Phill Waddington: Making art from catching stoats and rats
Nicholas Boyack, May 14 2019
NICHOLAS BOYACK/STUFF
After years working in pest control, Phill Waddington has returned to his first love, painting. He is holding his first exhibition since 1987.
After years of pioneering work catching rats and possums, Phill Waddington has turned his attention to painting. Waddington is well known as an environmentalist but he has always been first and foremost an artist . In the 1990s, he sold most of his artwork to buy 23 hectares of pre-European forest in Stokes Valley. Faced with the task of managing the pristine forest and controlling pests, he set out to design a humane trapping system. His DoC 200 traps are now used nationwide and have saved countless birds, including kiwi, from pests.
NICHOLAS BOYACK/STUFF
One work Phill Waddington is particularly proud of is a portrait of Nga Kahikatea Wirihana, who was believed to have been 127 when she died.
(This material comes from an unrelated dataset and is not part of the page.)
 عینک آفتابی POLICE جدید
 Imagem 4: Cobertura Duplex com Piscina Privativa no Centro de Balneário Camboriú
"There are hundreds of thousands of traps out there. I don't know how many pests (have been killed) it would be millions and millions."
He gifted the property rights of his traps to the Department of Conservation, as his commitment to saving our flora and fauna. Despite all the time put into developing traps, Waddington never lost interest in art.
NICHOLAS BOYACK/STUFF
Phill's painting of Nga Kahikatea Wirihana.
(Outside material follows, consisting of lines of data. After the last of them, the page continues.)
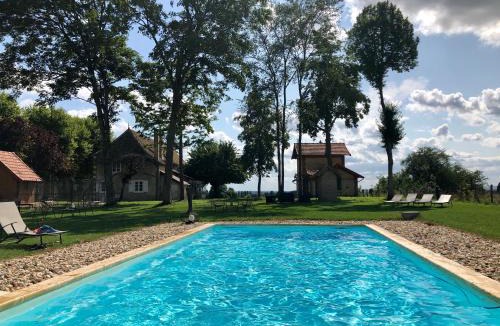 Bragny-sur-Saone House | L'evidence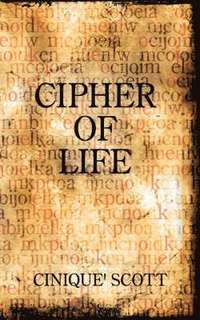 bokomslag Cipher of Life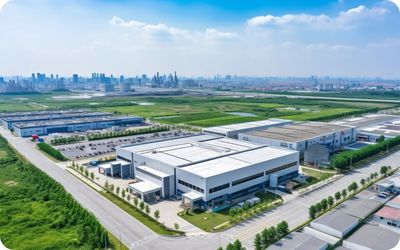 چین Luox Hebei Synda International Trade Co.,Ltd نمایه شرکت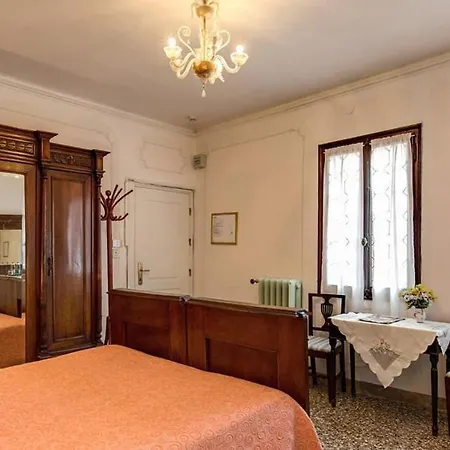 Seguso 2* Venecia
Travelling around the country with DoC, trialling trapping systems with community groups and farmers, he gathered material on the endangered species he was protecting for his future wildlife paintings. Some of those paintings, as well as original drawings of traps, feature in his latest exhibition, Influences.
His interest in the environment goes back to his 20s, when he spent time in the Ureweras living with Tūhoe.
NICHOLAS BOYACK/STUFF
Well known in conservation circles for his work designing traps that have played a role in saving the kiwi, Phill Waddington is also a talented artist
A kuia, Te Onewhero, had a picture on her mantelpiece of herself and her husband wearing kiwi cloaks, which were later presented to royalty. Her message that his "grandchildren would never see kiwi" left a lasting impression on him and motivated him to design traps. His traps have been credited with playing an important role in the continued survival of kiwi, a fact he takes great pleasure from.
Many of his paintings in the 1970s were of Māori and one of his most striking works is of Nga Kahikatea Wirihana. She was believed to have been 127 when she died in 1974 and her portrait is now for sale for the first time.
PHIL REID
Well known in conservation circles for his work designing traps that have played a role in saving the kiwi, Phill Waddington is also a talented artist
Although highly regarded in conservation circles, Waddington said he was an artist well before he began experimenting with making traps.
"People in the art world know me as an artist and conservationists know me as a trapper. It is almost two different worlds I live in."
Waddington sold his Stokes Valley bush a few years back but it has remained in good hands. Hutt City Council bought it and it is still trapped for pests.